The architecture of a basic LSTM cell unrolled is illustrated in Figure 1. As input time series data is processed through the LSTM cell, structures named “gates” regulate the information by modifying its flow and produce two output vectors: a hidden state

s_{t}

(short term memory), and a cell state

c_{t}

(long term memory). The hidden state

s_{t - 1}

from time

t - 1

is passed down to the current time step at time t and goes through a sigmoid function known as the “forget gate layer”, which determines the proportion of memory that is to be “remembered”. The “input gate layer” decides how much of the input

x_{t}

is used for the calculation of the memory state

c_{t}

at time t. The “output layer” determines the final output

s_{t}

and

c_{t}

. Meanwhile,

c_{t}

is adjusted by the previous cell state

c_{t - 1}

and the outcome of the forget gate and the input gate.

c_{t}

together with

s_{t}

will flow to the next time step, while a copy of

s_{t}

is extracted as the output of the LSTM cell of current time step.

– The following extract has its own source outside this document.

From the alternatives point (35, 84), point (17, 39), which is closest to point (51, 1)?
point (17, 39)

As introduced in Hochreiter and Schmidhuber (1997), the compact forms of the equations for the forward pass of an LSTM unit with a forget gate are:

\begin{matrix} f_{t} & = σ (U_{f} s_{t - 1} + W_{f} x_{t} + θ_{f}), \end{matrix}

(14)

\begin{matrix} i_{t} & = σ (U_{i} s_{t - 1} + W_{i} x_{t} + θ_{i}), \end{matrix}

(15)

\begin{matrix} o_{t} & = σ (U_{o} s_{t - 1} + W_{o} x_{t} + θ_{o}), \end{matrix}

(16)

\begin{matrix} c_{t} & = f_{t} ⊙ c_{t - 1} + i_{t} ⊙ tanh (U_{c} s_{t - 1} + W_{c} x_{t} + θ_{c}), \end{matrix}

(17)

\begin{matrix} s_{t} & = o_{t} ⊙ tanh (c_{t}), \end{matrix}

(18)

where the initial values are

C_{0} = 0

and

H_{0} = 0

, and the operator ⊙ denotes the Hadamard product (element-wise product).

σ (\cdot)

is the logistic sigmoid function, defined as

σ (s) = 1 / (1 + e^{- s})

. The subscript t indexes the time step.

x_{t} \in R^{I}

denotes the input vector to the LSTM unit.

f_{t} \in R^{J}

,

i_{t} \in R^{J}

, and

o_{t} \in R^{J}

represent the activation vectors of the forget gate, the input gate, and the output gate, respectively.

s_{t} \in R^{J}

is the hidden state vector, also known as the output vector of the LSTM unit, and

c_{t} \in R^{J}

is the cell state vector.

W \in R^{J \times I}

,

U \in R^{J \times J}

and

θ \in R^{J}

stand for weight matrices and bias vector parameters to be trained, and the superscripts I and J refer to the number of input features and number of hidden units, respectively.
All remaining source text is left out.